State ex rel. Bales v. Bailey

Decision Date20 November 1908
Citation106 Minn. 138,118 N.W. 676
PartiesSTATE ex rel. BALES v. BAILEY, Sheriff.
CourtMinnesota Supreme Court

OPINION TEXT STARTS HERE

Appeal from District Court, Beltrami County; C. W. Stanton, Judge.

Application by the state, on the relation of Don Bales, for writ of habeas corpus to Thomas Bailey, sheriff. From a judgment discharging the writ, relator appeals. Affirmed.

Syllabus by the Court

There may be a de facto officer, though no de jure office exists, as in de facto municipal corporations or de facto courts.

The legal existence of a court organized and created under color of law cannot be questioned in habeas corpus sued out by a person convicted and sentenced to imprisonment in proceedings had before it.
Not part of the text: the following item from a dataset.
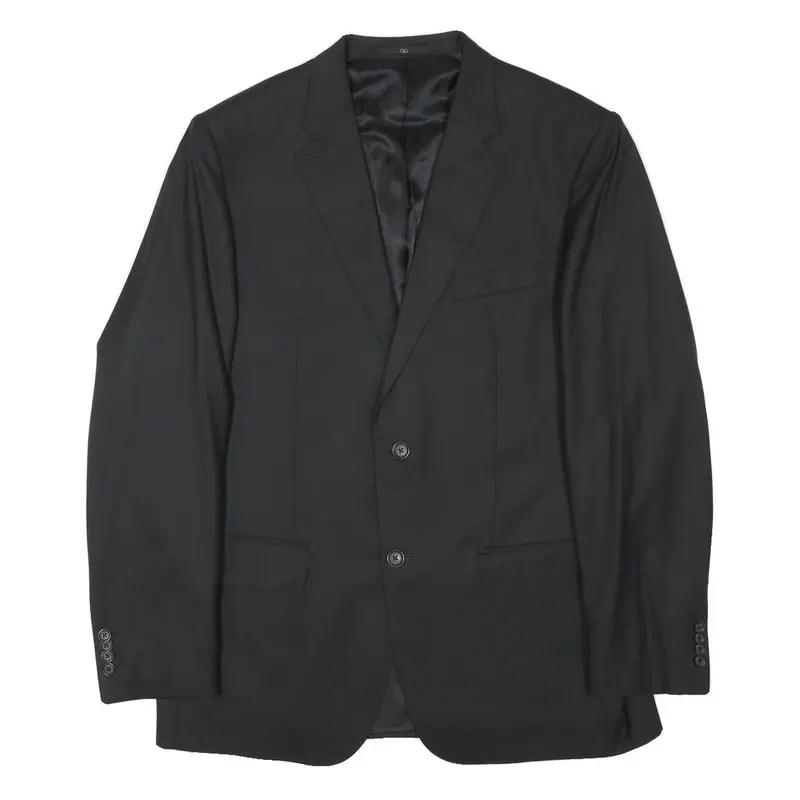 Valentino Mens Black Wool Blend Blazer Jacket L Classic Tailored Button Closure 1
Even though defectively organized, the organization being authorized by law, the municipal court of Bemidji is at least a de facto court and the judge and clerk thereof de facto officers, and the right of the court to exercise judicial functions can be inquired into only at the instance of the state in direct proceedings brought for that purpose. Frank A. Jackson, for petitioner.
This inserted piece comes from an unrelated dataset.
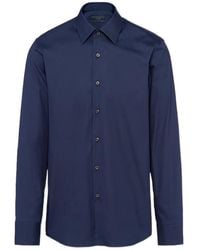 Prada - Long-Sleeved Poplin Shirt - Lyst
Henry Funkley, for respondent.

BROWN, J.

Relator was convicted in the municipal court of Bemidji of petit larceny, and sentenced to imprisonment in the county jail for the term of 90 days. He thereafter sued out a writ of habeas corpus, alleging that his imprisonment was illegal and without authority of law, in that the said municipal court was never legally created or established. The writ was discharged by the court below, and relator appealed.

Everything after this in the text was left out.